Talvez por isso existam momentos em que a vida nos coloca de joelhos.
E, nesses momentos, podemos nos lembrar:
“Eu não sou apenas eu.”
Atrás de mim existe uma longa fila de vidas.
Pessoas que atravessaram guerras, separações, abandonos, fome, perdas, doenças, injustiças, migrações, lutos e tantas outras dores que talvez eu jamais conheça por inteiro.
E mesmo assim…
…eles chegaram até mim.
A vida encontrou um caminho.
Chegou através deles, até meus pais.
Dos meus pais até mim.
E agora existe em minhas mãos.
Isso não significa que precisamos repetir suas histórias.
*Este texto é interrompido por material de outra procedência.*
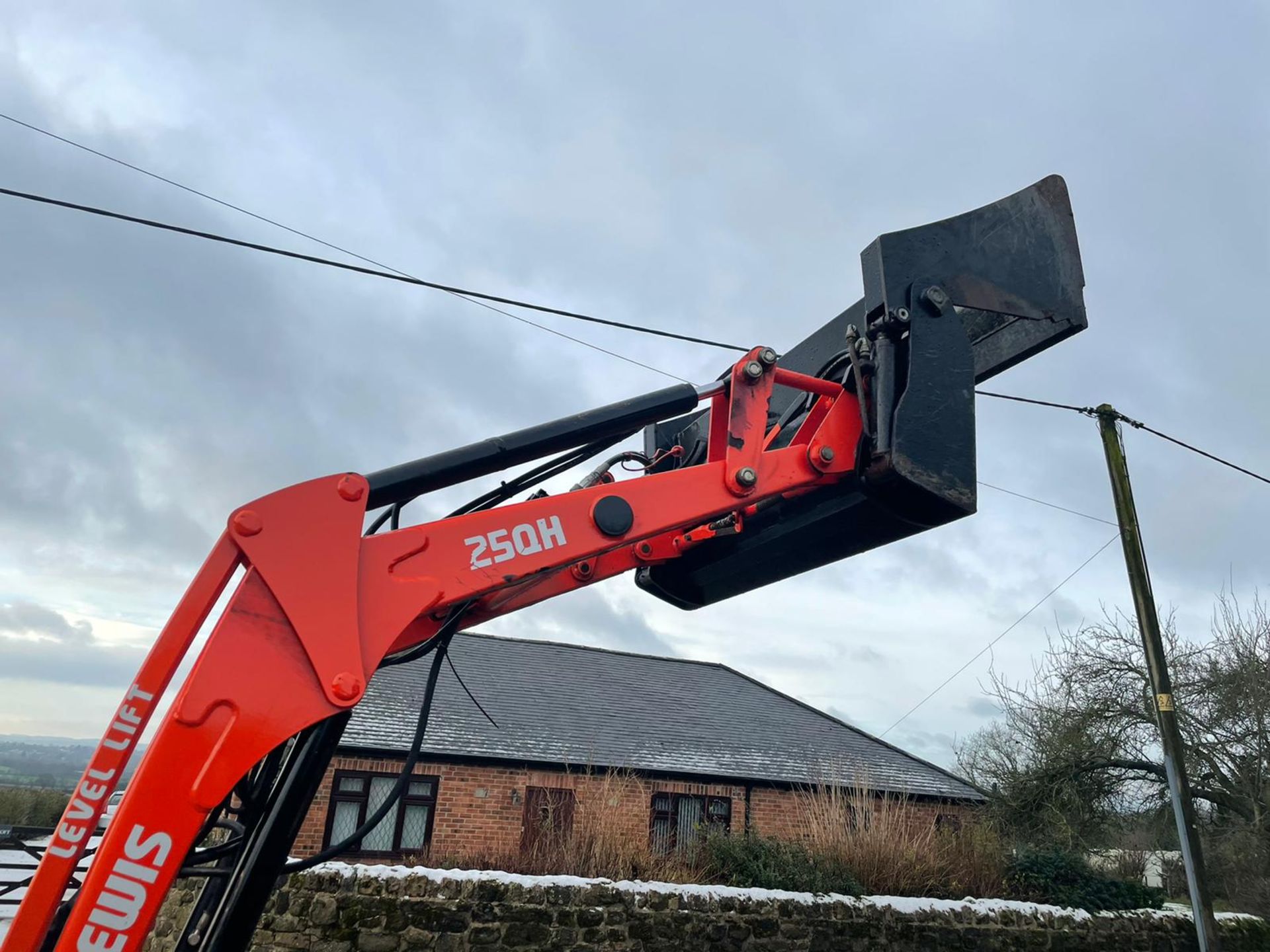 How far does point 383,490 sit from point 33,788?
2179 cm

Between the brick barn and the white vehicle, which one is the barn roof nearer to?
the brick barn

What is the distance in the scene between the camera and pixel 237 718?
2.15m

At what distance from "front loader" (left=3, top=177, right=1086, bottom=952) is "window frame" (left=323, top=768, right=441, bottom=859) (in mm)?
11886

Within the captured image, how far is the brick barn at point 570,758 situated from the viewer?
47.2ft

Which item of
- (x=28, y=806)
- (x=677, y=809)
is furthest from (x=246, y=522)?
(x=28, y=806)

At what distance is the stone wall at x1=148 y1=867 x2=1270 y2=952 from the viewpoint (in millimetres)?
7871

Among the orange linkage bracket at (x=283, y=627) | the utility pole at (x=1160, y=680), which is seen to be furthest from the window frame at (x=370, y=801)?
the orange linkage bracket at (x=283, y=627)

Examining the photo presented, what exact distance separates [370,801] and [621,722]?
201 inches

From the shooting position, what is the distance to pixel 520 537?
2701 mm

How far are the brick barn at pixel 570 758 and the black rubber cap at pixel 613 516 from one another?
8.58 metres

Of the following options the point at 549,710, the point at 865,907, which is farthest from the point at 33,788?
the point at 865,907

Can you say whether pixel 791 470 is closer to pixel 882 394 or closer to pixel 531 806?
pixel 882 394

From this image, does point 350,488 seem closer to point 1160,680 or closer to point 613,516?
point 613,516

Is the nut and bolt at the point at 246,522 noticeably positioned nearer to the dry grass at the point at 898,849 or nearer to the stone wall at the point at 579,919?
the stone wall at the point at 579,919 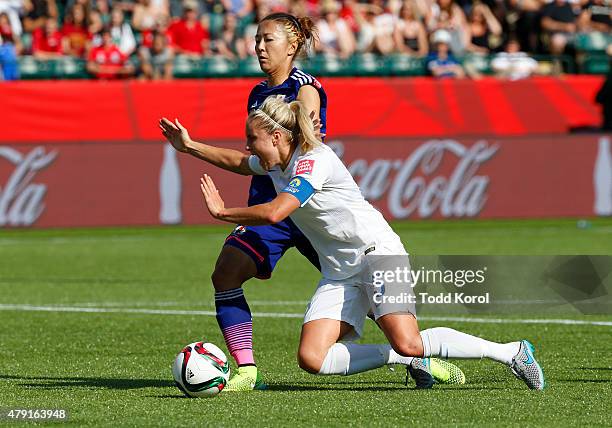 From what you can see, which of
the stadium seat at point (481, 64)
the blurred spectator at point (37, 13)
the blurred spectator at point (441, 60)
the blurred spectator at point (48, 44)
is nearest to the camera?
the blurred spectator at point (48, 44)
Não precisamos sofrer para pertencer.
Não precisamos fracassar para sermos leais.
Não precisamos carregar suas dores como prova de amor.
Podemos fazer diferente.
Porque honrar quem veio antes não é permanecer onde eles sofreram.
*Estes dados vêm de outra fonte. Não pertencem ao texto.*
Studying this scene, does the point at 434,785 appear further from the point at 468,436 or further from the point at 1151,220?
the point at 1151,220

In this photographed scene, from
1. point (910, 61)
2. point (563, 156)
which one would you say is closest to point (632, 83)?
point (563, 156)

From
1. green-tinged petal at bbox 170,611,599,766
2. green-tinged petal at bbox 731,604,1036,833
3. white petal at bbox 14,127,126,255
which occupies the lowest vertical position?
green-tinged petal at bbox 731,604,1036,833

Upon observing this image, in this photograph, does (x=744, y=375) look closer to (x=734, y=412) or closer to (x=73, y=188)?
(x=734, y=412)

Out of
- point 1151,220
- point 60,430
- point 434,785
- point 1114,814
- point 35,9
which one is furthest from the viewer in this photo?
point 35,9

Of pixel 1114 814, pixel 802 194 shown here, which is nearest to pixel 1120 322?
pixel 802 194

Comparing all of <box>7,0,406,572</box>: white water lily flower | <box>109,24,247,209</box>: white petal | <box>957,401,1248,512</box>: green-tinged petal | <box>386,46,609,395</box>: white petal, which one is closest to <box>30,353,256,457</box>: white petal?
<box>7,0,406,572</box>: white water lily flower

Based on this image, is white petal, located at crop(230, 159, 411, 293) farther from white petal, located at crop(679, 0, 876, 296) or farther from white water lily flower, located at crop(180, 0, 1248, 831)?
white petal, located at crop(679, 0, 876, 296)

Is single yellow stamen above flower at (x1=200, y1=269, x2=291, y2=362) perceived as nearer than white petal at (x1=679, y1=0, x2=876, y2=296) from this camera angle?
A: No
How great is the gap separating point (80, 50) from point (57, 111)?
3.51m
Às vezes, honrar é justamente ir além.
Quando a vida parecer pesada demais, talvez possamos olhar para trás…não para buscar culpa, mas para reconectar com a força.
E dizer:
“Eu sou vocês.
Eu recebi a vida de vocês.
Tudo o que vocês precisaram atravessar para que a vida continuasse, chegou até mim como força para continuar…e eu agradeço a tudo como foi.”
Então levantamos.
E seguimos.
Mais um passo.
E depois outro.
Não sabemos exatamente o que existe adiante.
Mas talvez exista algo que nossos antepassados, apesar de todas as tragédias, também procuraram durante toda a vida…
…o amor.
O amor que não apaga o passado.
O amor que não nega a dor.
O amor que olha para tudo o que foi vivido e, ainda assim, escolhe continuar.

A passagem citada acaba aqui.